Why I am choosing to be happy…
I read recently in a magazine that happiness or being happy is a choice that YOU make. And here I thought it depended on how much money you had, or how much you were loved, or what you owned or had accomplished….
After reading that article, I started to think. Well, we aren’t rich, but we certainly aren’t poor. Our kids have a roof over their head (a beautiful roof if I do say so myself…I love my house!) we all have clean clothes to wear, there is always food on the table, and we have enough money to get what we need and then have a bit of fun.
I am loved, so very loved. I have a wonderfully amazing husband (but he does bug the crap out of me sometimes) that believes in my happiness and does what he can to help me achieve that. I have four beautiful little boys, that dote on their mom. I have parents that are there for me, a sister I consider one of my best friends, and I adore my in laws.
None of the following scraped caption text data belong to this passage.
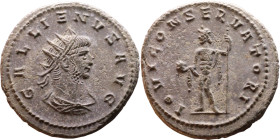 Roman coin – Gallienus (253-268) Billon Antoninianus

21mm 3.86g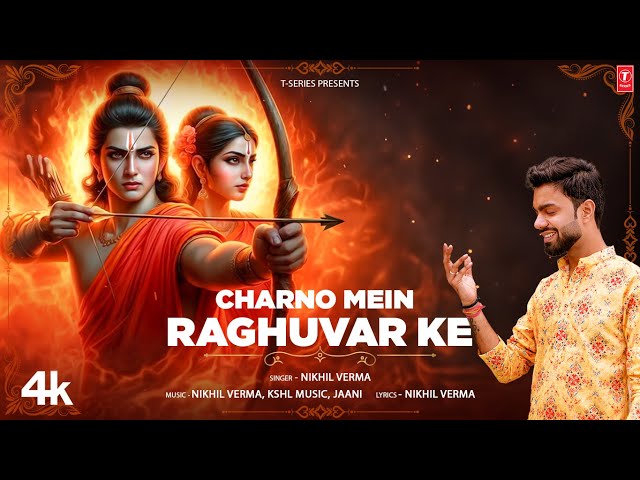 CHARNO MAIN RAGHUVAR KE (Bhajan): Nikhil Verma, Kshl Music, Jaani | Ram Bhajan | T-Series class=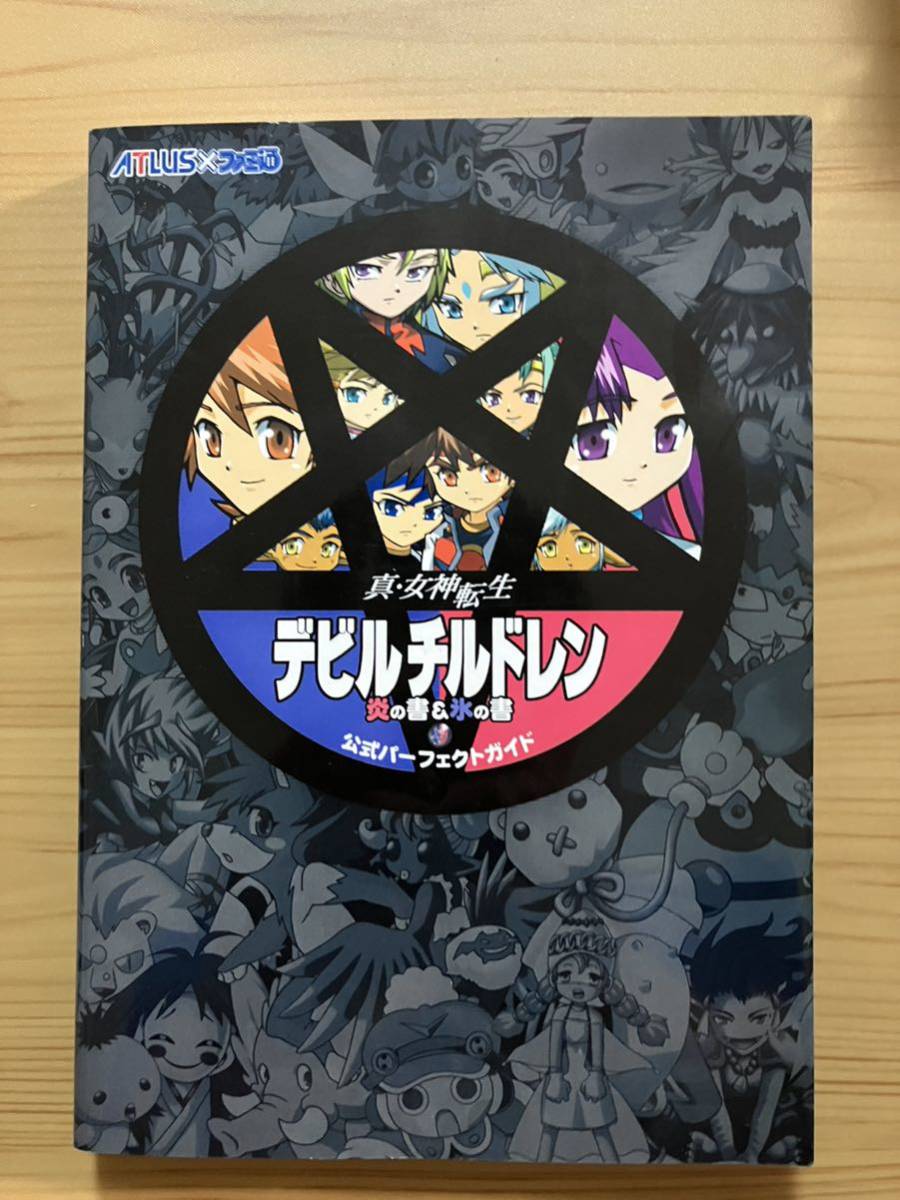 ヤフオク! -「真女神転生デビルチルドレン炎の書」の落札相場・落札価格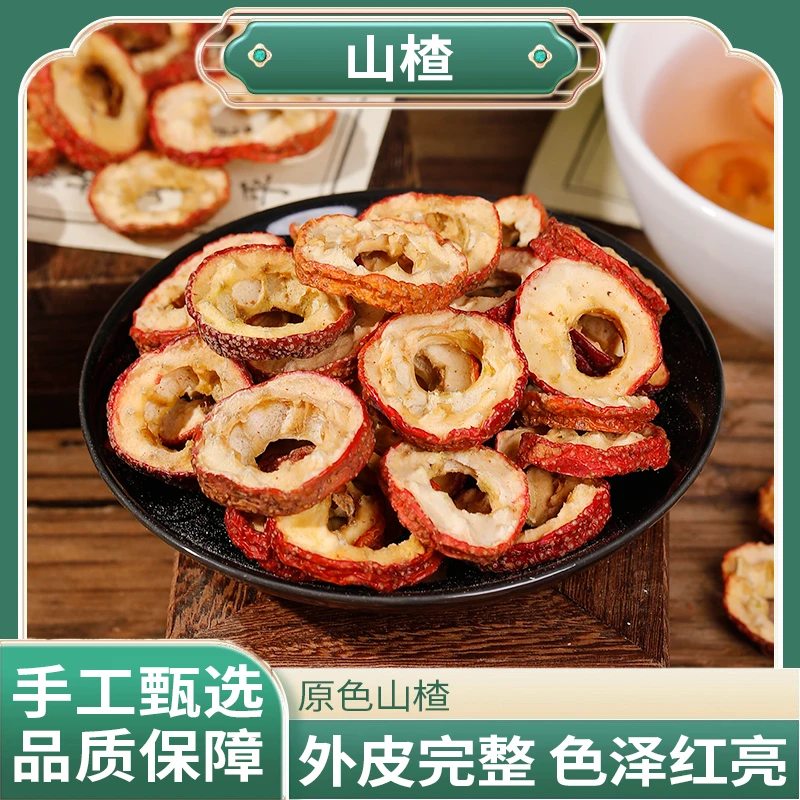 正品精选好货山楂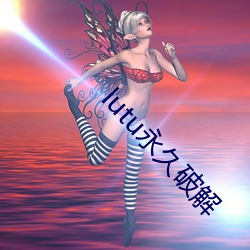 lutu永久破(破)解
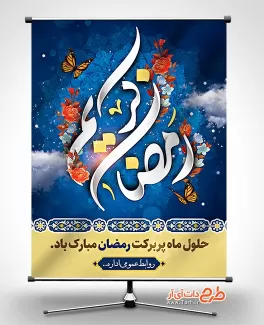 بنر حلول ماه رمضان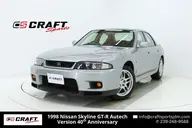 1998 Nissan Skyline GT-R Autech Version 40th Anniversary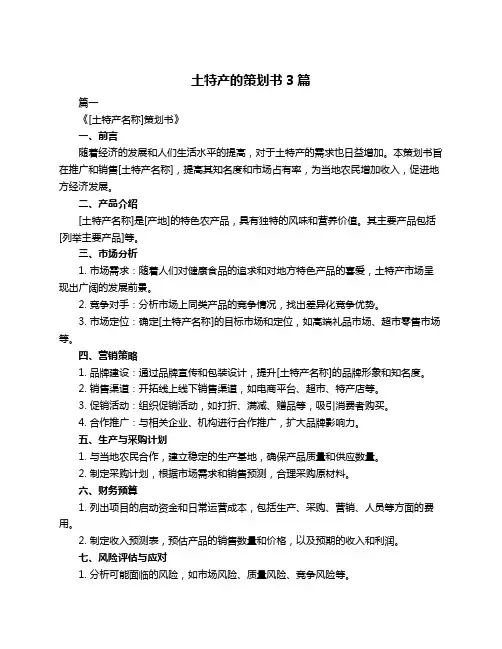 土特产的策划书3篇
I have not accomplished all I want to in my life, but then it still gives me dreams and something to work towards. I imagine the only time I will have no dreams and desires is when I am not breathing anymore. But, I have accomplished a lot. I have learned to love and be loved. I am still learning to understand that not everyone will conform to my way of thinking and that is ok. (though I still beleive there is only ONE right way to load the dishwasher) I am striving to help my children make their mark in this world, and yet teach them independence.